§ WHAT YOU HAVE TO DO
Search the data for the word "Neck" and copy every line where it occurs.

Recorded data
--- START ---

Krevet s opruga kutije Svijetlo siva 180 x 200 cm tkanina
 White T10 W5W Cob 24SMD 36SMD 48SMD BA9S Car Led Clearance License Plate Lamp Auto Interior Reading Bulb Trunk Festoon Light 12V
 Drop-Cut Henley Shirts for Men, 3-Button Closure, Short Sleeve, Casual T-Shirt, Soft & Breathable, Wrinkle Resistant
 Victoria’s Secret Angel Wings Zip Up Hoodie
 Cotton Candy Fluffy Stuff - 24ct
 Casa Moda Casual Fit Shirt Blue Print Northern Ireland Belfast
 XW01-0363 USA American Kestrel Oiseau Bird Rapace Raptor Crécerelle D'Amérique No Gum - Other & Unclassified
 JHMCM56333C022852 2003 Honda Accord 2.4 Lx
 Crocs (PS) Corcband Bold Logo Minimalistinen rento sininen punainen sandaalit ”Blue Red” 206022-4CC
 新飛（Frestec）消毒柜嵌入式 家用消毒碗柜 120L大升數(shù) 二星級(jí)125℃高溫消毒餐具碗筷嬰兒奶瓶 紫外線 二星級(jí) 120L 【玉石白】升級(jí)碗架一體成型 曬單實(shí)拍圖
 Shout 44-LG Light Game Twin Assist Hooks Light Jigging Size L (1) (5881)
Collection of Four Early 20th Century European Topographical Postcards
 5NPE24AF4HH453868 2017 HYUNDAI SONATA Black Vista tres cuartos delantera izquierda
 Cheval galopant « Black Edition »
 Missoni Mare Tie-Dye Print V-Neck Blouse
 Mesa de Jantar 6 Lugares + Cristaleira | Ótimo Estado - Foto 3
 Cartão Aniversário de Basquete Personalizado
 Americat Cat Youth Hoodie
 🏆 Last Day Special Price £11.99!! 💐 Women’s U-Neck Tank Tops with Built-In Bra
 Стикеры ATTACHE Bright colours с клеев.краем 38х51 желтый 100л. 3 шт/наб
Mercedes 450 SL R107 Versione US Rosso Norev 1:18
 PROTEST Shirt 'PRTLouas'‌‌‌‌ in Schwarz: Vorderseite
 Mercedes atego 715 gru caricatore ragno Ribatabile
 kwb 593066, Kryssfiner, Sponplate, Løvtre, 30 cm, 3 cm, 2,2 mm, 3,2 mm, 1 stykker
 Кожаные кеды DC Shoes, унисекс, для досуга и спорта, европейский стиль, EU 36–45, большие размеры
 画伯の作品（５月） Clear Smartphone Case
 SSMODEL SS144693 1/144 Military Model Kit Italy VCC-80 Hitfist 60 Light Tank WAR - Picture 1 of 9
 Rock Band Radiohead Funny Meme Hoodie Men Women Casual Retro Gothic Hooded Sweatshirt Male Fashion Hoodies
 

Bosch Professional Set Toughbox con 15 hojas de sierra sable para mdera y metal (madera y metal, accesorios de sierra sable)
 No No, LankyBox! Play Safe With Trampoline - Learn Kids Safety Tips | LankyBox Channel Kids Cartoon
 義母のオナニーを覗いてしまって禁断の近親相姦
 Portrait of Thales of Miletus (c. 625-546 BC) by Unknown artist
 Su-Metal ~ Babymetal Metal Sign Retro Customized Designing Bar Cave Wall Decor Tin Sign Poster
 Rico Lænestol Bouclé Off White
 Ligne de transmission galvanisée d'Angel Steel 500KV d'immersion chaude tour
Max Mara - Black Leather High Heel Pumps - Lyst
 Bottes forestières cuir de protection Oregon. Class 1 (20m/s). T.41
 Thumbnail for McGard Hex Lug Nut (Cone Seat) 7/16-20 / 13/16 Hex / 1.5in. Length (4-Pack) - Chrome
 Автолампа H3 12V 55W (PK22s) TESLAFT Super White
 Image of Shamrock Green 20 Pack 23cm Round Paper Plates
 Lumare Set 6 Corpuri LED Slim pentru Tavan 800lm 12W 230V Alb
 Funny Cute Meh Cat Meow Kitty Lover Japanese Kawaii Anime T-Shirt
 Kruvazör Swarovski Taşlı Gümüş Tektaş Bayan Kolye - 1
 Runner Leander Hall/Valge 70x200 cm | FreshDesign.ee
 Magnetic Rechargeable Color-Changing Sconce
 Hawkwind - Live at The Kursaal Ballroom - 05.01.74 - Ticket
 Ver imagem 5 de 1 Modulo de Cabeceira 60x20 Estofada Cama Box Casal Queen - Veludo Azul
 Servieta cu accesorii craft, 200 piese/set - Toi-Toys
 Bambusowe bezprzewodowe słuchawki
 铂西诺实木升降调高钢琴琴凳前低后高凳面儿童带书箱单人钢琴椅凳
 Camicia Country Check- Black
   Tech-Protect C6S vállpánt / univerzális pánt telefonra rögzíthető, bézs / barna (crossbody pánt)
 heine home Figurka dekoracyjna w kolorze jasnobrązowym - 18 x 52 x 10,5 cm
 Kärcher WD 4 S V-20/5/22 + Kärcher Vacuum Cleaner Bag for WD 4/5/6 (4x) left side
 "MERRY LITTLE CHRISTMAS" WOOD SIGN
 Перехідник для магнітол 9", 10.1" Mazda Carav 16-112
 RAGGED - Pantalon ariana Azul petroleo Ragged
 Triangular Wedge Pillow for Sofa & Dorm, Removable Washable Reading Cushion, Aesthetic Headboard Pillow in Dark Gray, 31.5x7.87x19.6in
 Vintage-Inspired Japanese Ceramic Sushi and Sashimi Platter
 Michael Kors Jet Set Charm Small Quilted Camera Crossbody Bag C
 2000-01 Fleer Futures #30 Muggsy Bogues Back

--- END ---

§ COMPLETED EXERCISE
 Missoni Mare Tie-Dye Print V-Neck Blouse
 🏆 Last Day Special Price £11.99!! 💐 Women’s U-Neck Tank Tops with Built-In Bra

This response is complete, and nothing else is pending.